PROBLEM REQUIREMENTS:
Look through the entries below and copy exactly the part that begins with the line containing "Load image into" and ends with the line containing "Huge tributes to". Do not copy the pictures.

MATERIAL SHOWN:

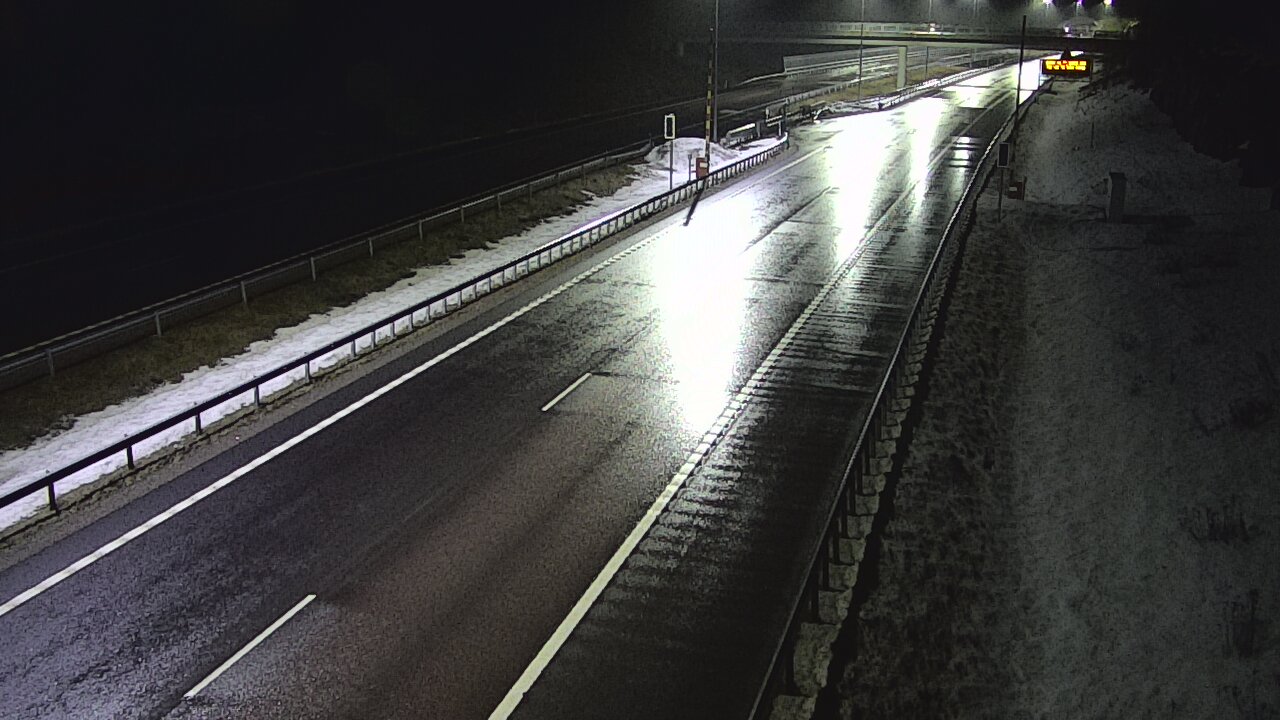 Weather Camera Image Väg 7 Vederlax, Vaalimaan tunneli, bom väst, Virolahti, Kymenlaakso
--
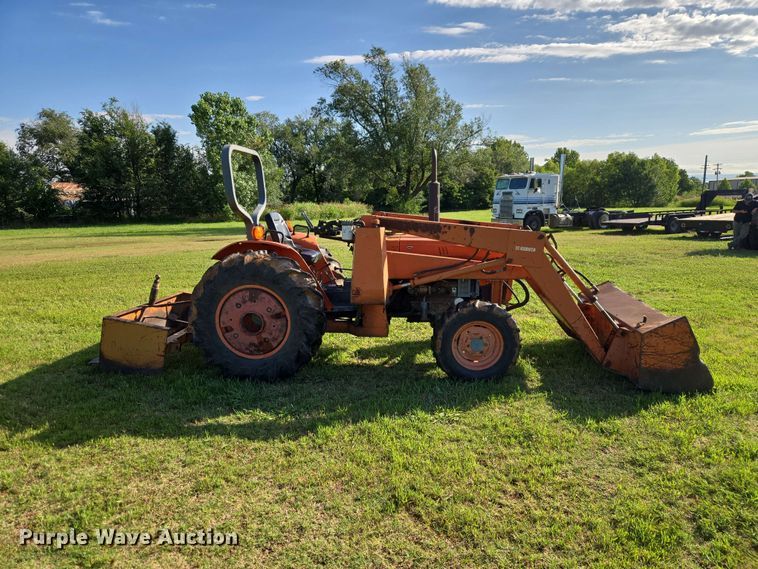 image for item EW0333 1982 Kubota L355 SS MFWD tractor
...
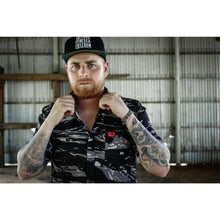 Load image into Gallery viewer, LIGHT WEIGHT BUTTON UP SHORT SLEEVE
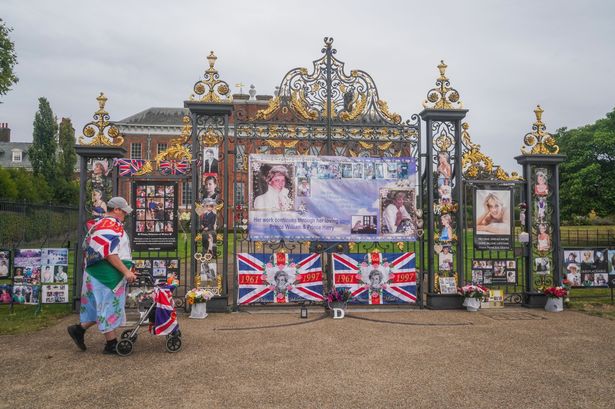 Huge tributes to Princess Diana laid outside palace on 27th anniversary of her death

YOUR SOLUTION:
 Load image into Gallery viewer, LIGHT WEIGHT BUTTON UP SHORT SLEEVE
 Huge tributes to Princess Diana laid outside palace on 27th anniversary of her death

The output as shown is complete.